Example Māori macrons in UTF-8


0xC4 0x81 = ā

0xC4 0x93 = ē

0xC4 0xAB = ī

0xC5 0x8D = ō

0xC5 0xAB = ū

0xC4 0x80 = Ā

0xC4 0x92 = Ē

0xC4 0xAA = Ī

0xC5 0x8C = Ō

0xC5 0xAA = Ū


World in Japanese in UTF-8


0xE3 0x81 0x93 = こ

0xE3 0x82 0x93 = ん

0xE3 0x81 0xAB = に

0xE3 0x81 0xA1 = ち

0xE3 0x81 0xAF = は

0xE4 0xB8 0x96 = 世

0xE7 0x95 0x8C = 界

Famous Byte sequences

  • D0CF11E0
  • II
  • MM
  • GIF89a
  • PK
  • Microsoft Office
  • TIFF
  • Also TIFF!
  • GIF
  • ZIP
Callout

Magic numbers: your first file format signatures

You will begin to recognize these sequences in your file format research!

Putting it together

Can you use the ASCII table above to construct a byte-sequence?

Challenge

Challenge

Write down the hexadecimal sequence for “Hello world”.
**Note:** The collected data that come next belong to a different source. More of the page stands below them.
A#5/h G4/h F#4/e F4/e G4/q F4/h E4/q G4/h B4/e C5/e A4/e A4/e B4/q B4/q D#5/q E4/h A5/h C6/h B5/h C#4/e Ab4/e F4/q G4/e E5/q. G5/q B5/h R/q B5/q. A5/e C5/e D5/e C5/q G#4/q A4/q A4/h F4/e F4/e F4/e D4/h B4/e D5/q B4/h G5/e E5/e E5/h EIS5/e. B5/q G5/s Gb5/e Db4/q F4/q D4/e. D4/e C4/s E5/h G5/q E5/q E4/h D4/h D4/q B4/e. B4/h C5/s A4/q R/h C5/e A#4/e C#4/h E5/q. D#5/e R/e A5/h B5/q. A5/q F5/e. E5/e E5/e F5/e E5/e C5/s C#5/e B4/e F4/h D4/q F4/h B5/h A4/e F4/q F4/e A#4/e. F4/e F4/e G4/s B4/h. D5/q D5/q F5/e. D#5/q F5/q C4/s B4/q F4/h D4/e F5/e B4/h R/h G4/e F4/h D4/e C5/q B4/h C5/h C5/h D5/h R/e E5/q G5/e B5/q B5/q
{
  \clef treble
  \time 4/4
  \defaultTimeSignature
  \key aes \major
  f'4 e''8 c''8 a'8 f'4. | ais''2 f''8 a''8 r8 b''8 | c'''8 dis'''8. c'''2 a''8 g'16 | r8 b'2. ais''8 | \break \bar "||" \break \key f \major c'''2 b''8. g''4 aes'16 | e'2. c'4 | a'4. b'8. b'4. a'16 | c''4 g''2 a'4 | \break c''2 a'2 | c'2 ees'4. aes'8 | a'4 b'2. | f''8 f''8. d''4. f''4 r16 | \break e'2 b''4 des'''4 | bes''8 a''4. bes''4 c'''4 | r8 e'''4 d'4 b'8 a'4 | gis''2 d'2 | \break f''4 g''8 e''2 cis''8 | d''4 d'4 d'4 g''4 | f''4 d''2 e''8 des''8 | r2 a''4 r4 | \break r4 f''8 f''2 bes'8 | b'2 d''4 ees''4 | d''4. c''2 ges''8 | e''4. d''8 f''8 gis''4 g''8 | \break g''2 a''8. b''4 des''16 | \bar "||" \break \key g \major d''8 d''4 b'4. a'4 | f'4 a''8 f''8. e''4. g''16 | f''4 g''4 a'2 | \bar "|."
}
48 65 6C 6C 6F 20 77 6F 72 6C 64


Key Points
  • Hexadecimal is a number system.
  • Hexadecimal makes it easier to understand “binary”.
  • Hexadecimal is mapped to signals and characters that have meaning to a computer.
  • Hexadecimal can take on arbitrary meaning through “encodings”.
  • Hexadecimal is the foundation for a PRONOM signature!